*Work instructions*: As written and without pictures, set down the lines from the one that contains "Aibaoxi baby girls" through the end of the data.

[Given entries]

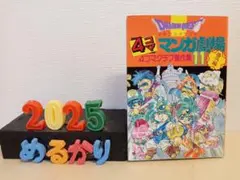 2026年最新】ドラゴンクエスト マンガ劇場 番外の人気アイテム - メルカリ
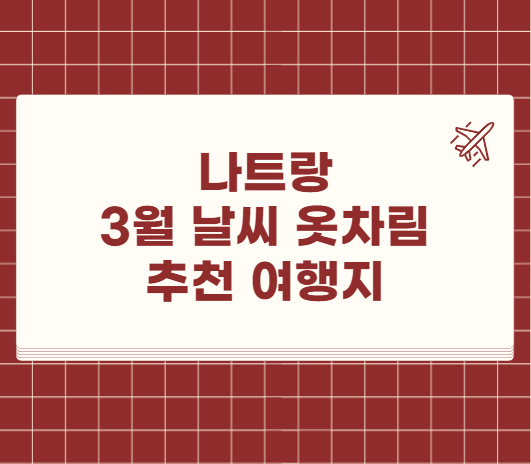 나트랑 3월 날씨 옷차림 추천 여행지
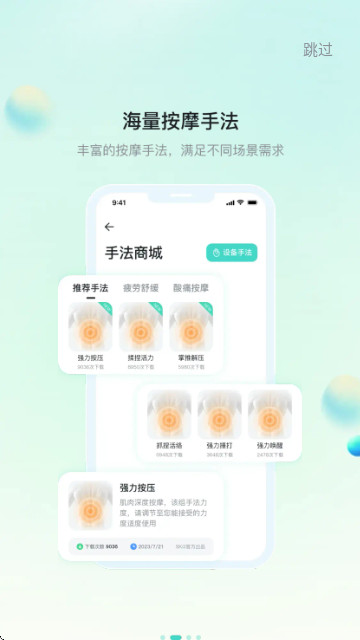 SKG未来穿戴app官方版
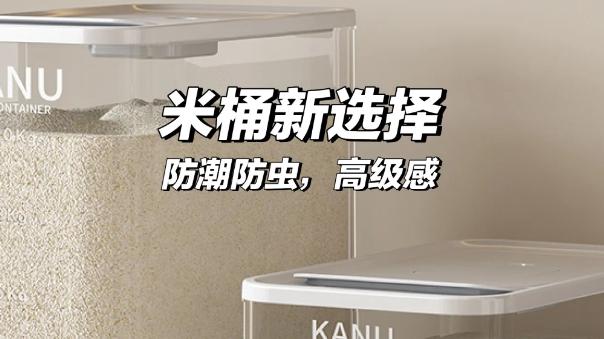 建议各位:若不差钱,厨房添置“这6样”,干干净净、整整齐齐!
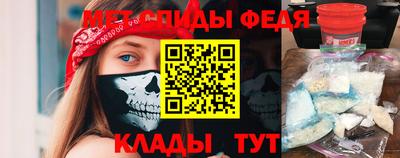 мдма Гусев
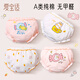 Aibaoxi baby girls underwear pure cotton bread pants training pants for boys and girls baby shorts pants triangle children Candy Bunny 100% cotton 4 pairs 100 cm recommended height 90-100cm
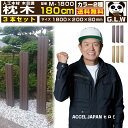 【月間優良ショップ受賞店】枕木 180cm 3本セット【M-1800】【1800×200×80mm】【送料無料】人工木　ウッドデッキ　…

[/Given entries]

*Finished exercise*:
 Aibaoxi baby girls underwear pure cotton bread pants training pants for boys and girls baby shorts pants triangle children Candy Bunny 100% cotton 4 pairs 100 cm recommended height 90-100cm
 【月間優良ショップ受賞店】枕木 180cm 3本セット【M-1800】【1800×200×80mm】【送料無料】人工木　ウッドデッキ　…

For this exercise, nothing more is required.